Loving Irish music, our small folk group went along to Jarrow Hall, Saturday afternoons, where a collection of musicians played Irish music. There were Uilleann (Irish) pipes, fiddles, guitars, bouzoukis, mandolas, a dulcimer and accordion, sometimes banjo, sometimes mandolin, depending on who turned up. Here were Paul Dickman, George Welch, Jez Lowe, Ken Fisher and John Martin, the core musicians. Those Saturday afternoons, playing in the curved room overlooking the Tyne, laid down solid foundations for working in bands and for learning what seemed like hundreds of tunes. It also led to us (Benny and I) joining the Trent House Ceilhide Band which rehearsed in the Trent House pub in Newcastle and whose leader was Norman Bell. We gigged often, up to three times a week locally, and travelled on occasion to Scotland (Mull, Arran and the Borders) and down to Yorkshire. We were a sixteen piece band with a range of instruments and musicians: mainly students and teachers. It was tremendous fun and spurred us on to play regularly at sessions in the Irish Centre, Newcastle.
By this time I was training to be a nurse and of course this ate into the time spent playing but there was never the thought that I might want music as a profession. Coming from Jarrow with its blighted economic history it would have been foolish to even think of such a thing and besides (probably more importantly) I was nowhere near good enough. For me music was pure enjoyment and a little skill, that's all and yet it shaped my teenage and young adult years and it was a time I'll always cherish.
I began to sing more when our small folk group developed into the larger 'Morigan' playing mainly in the Western Pub in Jarrow and a few local folk clubs. Here I found that singing was much more preferable to almost anything else and it's something I've continued to develop.
The move from South to North of the Tyne in the mid eighties changed the music I played. Now it was the Bill Stickers Band, aeons away from Irish traditional music. It was here that I began to sing more, covers mainly and in pubs like the Porthole, the Wolsington House and Tilley's Bar. We had a small brass section and a big sound and again it was fun, a hobby and we worked hard at it, playing large functions from time to time (charity balls and weddings) but mainly on the local pub circuit which is something I've always preferred.

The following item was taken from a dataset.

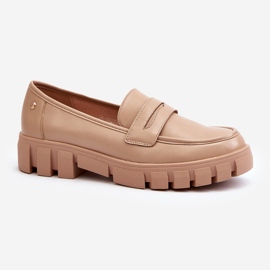 Vinceza Mocassins Femme En Cuir Écologique Beige Seravisa 1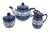 Blue Rose Polish Pottery Savannah 3 Piece Tea Set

Now in the Katy Freeway (ex. Virginia Slims) it's more country rock and swing. I've always liked country music, not so much 'Crystal chandelier' but rather more Patsy Cline, Emmy-Lou Harris, Trisha Yearwood, Gretchen Peters, Mary Chapin Carpenter and a whole heap of others.
Away from actual performing I lead the 'Willington Songsters' a group of people from the Willington area near the Tyne tunnels. Here it's easy listening: songs from the shows; the Everly Brothers; war time favourites; anything in fact that the group wants to sing and that I can play! I teach a bit of harmony on the way, a bit of technique, but always, always it's about having fun. Which for me is what it's all about.